Without changing human nature, you're going to need to change Wikipedia. Perhaps if Sanger had stayed on-board he could have tried to impose a more organised structure, perhaps with all submissions being approved by verified experts before they appeared to the general public? That would probably have killed a lot of its buzz as a virtual sandpit, though. To my mind Wales took Wikipedia the wrong way by trying to monetise it - once you start slapping ads on every page, academic accuracy and respectability naturally take second place to getting hits. Admittedly, if they'd stuck with a donations model they would have gone under years ago. Maybe one of the big foundations takes it under their wing?
Kabraloth - I think you're underestimating the effect a successful mass-participation academic project would have on the Internet as we know it. Thus far the Web has generally been viewed as a bit of a joke by the traditional press, because the 'rabble effect' tends to degrade any attempt to challenge organised media using free contributed labour.
Interestingly, one of the consequences of a successful Wikipedia could be less personal sites and weblogs - a factually reliable, communally-edited online encyclopedia would erode much of the need for a personal soapbox. There are always going to be those who claim their opinions are excluded by majority rule, of course, but it's going to be harder to claim sinister government suppression. Perhaps the conspiracy theory 'bubble' of the early 00s is butterflied away?

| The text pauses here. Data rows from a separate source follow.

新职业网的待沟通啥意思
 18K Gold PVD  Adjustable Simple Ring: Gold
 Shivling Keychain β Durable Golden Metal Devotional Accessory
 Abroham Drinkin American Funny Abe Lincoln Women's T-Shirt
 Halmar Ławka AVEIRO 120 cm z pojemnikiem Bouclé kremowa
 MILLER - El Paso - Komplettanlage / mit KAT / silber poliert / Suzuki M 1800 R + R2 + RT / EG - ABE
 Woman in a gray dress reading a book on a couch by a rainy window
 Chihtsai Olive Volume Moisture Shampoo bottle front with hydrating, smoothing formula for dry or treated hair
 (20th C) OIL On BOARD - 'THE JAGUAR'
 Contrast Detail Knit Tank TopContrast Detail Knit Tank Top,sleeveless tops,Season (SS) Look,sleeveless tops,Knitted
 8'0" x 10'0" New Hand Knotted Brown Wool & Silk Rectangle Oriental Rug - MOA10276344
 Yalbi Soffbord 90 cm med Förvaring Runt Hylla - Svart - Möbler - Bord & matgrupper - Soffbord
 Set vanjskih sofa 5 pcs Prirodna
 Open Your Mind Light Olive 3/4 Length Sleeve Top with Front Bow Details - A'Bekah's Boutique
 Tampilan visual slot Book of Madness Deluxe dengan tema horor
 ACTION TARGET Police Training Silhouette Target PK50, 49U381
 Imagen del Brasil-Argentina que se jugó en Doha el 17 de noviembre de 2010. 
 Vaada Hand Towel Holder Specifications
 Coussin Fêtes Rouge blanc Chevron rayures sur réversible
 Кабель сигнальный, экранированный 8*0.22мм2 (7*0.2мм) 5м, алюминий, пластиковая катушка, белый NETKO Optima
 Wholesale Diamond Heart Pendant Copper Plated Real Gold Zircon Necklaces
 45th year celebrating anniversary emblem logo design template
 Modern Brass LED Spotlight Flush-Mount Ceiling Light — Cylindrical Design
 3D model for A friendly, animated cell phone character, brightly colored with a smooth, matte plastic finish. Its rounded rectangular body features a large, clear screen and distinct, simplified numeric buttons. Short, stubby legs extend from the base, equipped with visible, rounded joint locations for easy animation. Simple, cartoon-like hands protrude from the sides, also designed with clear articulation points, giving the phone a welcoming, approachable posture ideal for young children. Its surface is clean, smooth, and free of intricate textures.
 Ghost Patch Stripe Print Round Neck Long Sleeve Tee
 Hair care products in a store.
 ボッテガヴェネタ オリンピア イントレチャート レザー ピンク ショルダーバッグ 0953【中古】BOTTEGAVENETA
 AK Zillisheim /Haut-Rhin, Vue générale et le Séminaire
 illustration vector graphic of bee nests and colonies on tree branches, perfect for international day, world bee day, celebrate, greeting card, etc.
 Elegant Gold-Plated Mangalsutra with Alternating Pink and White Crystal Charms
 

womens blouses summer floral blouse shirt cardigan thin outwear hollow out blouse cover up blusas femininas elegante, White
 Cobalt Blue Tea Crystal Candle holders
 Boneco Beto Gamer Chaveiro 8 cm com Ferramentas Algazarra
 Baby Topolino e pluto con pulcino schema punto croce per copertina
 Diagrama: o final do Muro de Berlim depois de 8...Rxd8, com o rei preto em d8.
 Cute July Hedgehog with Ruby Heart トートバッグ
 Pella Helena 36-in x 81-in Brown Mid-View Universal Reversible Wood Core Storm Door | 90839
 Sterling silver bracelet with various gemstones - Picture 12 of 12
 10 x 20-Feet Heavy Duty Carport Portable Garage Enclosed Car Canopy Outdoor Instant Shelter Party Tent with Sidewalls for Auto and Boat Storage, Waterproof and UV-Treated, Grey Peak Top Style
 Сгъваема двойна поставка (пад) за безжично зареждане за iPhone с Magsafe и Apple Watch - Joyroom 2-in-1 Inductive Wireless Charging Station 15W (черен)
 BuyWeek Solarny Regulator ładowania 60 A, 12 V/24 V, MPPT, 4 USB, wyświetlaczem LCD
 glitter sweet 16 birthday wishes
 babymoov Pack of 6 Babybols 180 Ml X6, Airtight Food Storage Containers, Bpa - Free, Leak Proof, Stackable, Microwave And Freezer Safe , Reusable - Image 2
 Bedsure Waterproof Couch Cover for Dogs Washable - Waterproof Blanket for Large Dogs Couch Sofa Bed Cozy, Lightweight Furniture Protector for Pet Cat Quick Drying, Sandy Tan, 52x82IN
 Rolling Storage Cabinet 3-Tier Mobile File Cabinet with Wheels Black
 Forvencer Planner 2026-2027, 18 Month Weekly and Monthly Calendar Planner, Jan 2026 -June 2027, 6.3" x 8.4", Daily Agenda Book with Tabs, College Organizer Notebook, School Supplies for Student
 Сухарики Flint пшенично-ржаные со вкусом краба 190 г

The flipside, of course, could be more censure of the Internet by individual governments. Only a few governments OTL have bothered with Internet censorship because it's primarily viewed as a communications medium: sure, there are lots of opinions, but reading outside your immediate society it's hard to get a clear picture whether you're reading universally-recognised truth or a lone nutter. A successful community-driven worldview would be something entirely different - if Wikipedia got even half as much traffic as it did at the height of the hype it's going to command a sizeable international audience, with an ethos that makes it extremely hard to control. Would it even be legally possible to stop government secrets being leaked? At the very least I see most governments trying to block their citizens from contributing.